The Republic of Eritrea is the last and only African country in which an officially established one-party system prevails and thus only one party is permitted. The political system of the former Italian colony continues to be shaped by the authoritarian leadership style of President Isayas Afewerki .

In the democracy index of The Economist magazine , Eritrea is listed among the 15 most undemocratic regimes and is therefore one of the most authoritarian regimes . In the Press Freedom Index of the organization Reporters Without Borders , which assesses the respective situation of press and media freedom in the world, Eritrea is in last place and therefore disregards press freedom even more than North Korea (penultimate place), Turkmenistan and Iran .

Political development

Eritrean President Isayas Afewerki (right) and former United States Secretary of Defense Donald Rumsfeld

Eritrea was under Turkish rule for a long time (from 1554 as Habeş Eyaleti ) part of the Ottoman monarchy and was under the control of the Turkish sultan.

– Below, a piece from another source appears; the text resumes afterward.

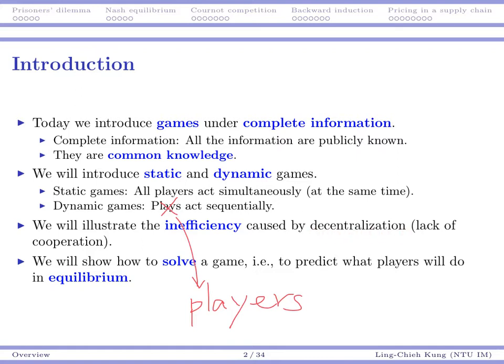We are going to go into details later. We will start by formulating a game and then solving it. By solving that, we are going to predict what people will do in equilibrium. This is how we may start to use game theoretic models to study problems in economics or business. This is our approach.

From 1881 the Italians settled on the coastal areas and proclaimed the colony of Eritrea in 1890 . Eritrea was thus part of the Italian colonial empire (which also included Italian Libya , Italian Somaliland and Italian Jubaland ) within the Kingdom of Italy and was ruled by Italian governors. From the 1920s, Eritrea was also under the rule of the Partito Nazionale Fascista , the Italian fascist party PNF led by Prime Minister Benito Mussolini . Racist laws were passed against the local population. However, the infrastructure was also built and the country was gradually modernized.

In 1935 the country was united with the occupied Empire of Ethiopia and Somalia to form the colonial territory of Italian East Africa and Eritrea was annexed to the Tigray territories in Ethiopia. During the Second World War, however, in April 1941, the country was liberated and in 1950 the United Nations granted Ethiopia as an autonomous region with its own government and parliament.

From 1952, however, Eritrea was gradually annexed by the Ethiopian Empire, and its autonomy gradually lifted. In 1956, Amharic was introduced as the official language in Eritrea, in 1961 the independent parliament was closed and the federation was completely dissolved. In 1962, Eritrea was finally declared the 14th administrative province of Ethiopia. In 1961 independence movements were founded, the largest of which was the Eritrean Liberation Front . The Eritrean War of Independence began . In 1974 the province of Eritrea came under communist rule after the military overthrew the emperor. The government of the People's Democratic Republic of Ethiopia from 1987 onwards granted the province autonomy again.

The Eritrean independence movements allied themselves with the Ethiopian liberation movements and in 1991 overthrew the socialist regime in Addis Ababa . After brief autonomy as part of the new Republic of Ethiopia, a successful referendum for independence took place on April 23 and 25, 1993 and Eritrea was granted independence for the first time. A provisional government was established under the leadership of the Eritrean People's Liberation Front , which has split off from the Eritrean Liberation Front.


The Eritrean constitution of May 23, 1997 is officially democratic. According to the Eritrean constitution, Eritrea is a presidential republic with a one-party system. Eritrea is thus one of the few countries in which a single party still exists, after this state leadership was initially preferred in almost every country during the phase of the independence movement in Africa (see also: one-party system ) .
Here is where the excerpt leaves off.